Man in driver’s license case detained

Judge WM. Fremming Nielsen said there is “clear and convincing evidence” that Mohammad Jahangir Miah is a “serious risk.”

Miah will endanger the safety of another person or the community, he added.

Nielsen noted that while Miah was on pretrial release for his criminal cases in Superior Court, the defendant was involved in a federal crime last May.

Miah was charged in the local trial court with theft by deception, immigration fraud, receiving stolen property.

Arrested by federal agents on Sunday afternoon last week, Miah was remanded by the judge to the custody of the U.S. Marshals Service after his detention hearing on Friday.

Miah’s wife, Tahira Dolores Miah, is a “de facto co-defendant, Assistant U.S. Attorney Kirk W. Schuler.

But she is cooperating with law enforcement, Schuler added.

Mohammad Jahangir Miah’s case was unsealed on Thursday.

Nielsen denied “at this time” the motion for bail by Miah’s court-appointed lawyer, Steven Pixley.

U.S. Immigration and Customs Enforcement resident agent in charge for Saipan office Mark D. Yamanaka said a first cooperating source placed an unrecorded phone call on May 6, 2010 to a Chinese female “known to help foreign nationals obtain CNMI driver’s license.”

On May 14, 2010, series of recorded phone calls were made to the same Chinese female who told the first cooperating source that the “phone line to the CNMI Bureau of Motor Vehicles was busy.”

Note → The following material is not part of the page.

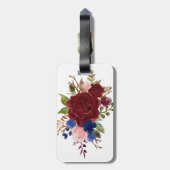 ブライダルパーティブリーズメイドギフトブルゴーニュブルー ラゲッジタグ (裏面縦)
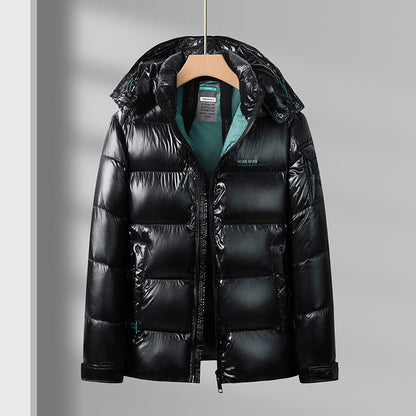 Glossy Men's Thickened Warm-keeping And Cold-proof Casual Cotton-padded Jacket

According to the prosecution, it was the first cooperating source who introduced the second cooperating source to the Chinese female and received $50 from the Chinese female after the second cooperating source obtained a CNMI driver’s license.

The second cooperating source paid $400 to the Chinese female for the driver’s license, the prosecution added.

Miah facilitated the release of the driver’s license, the prosecution said.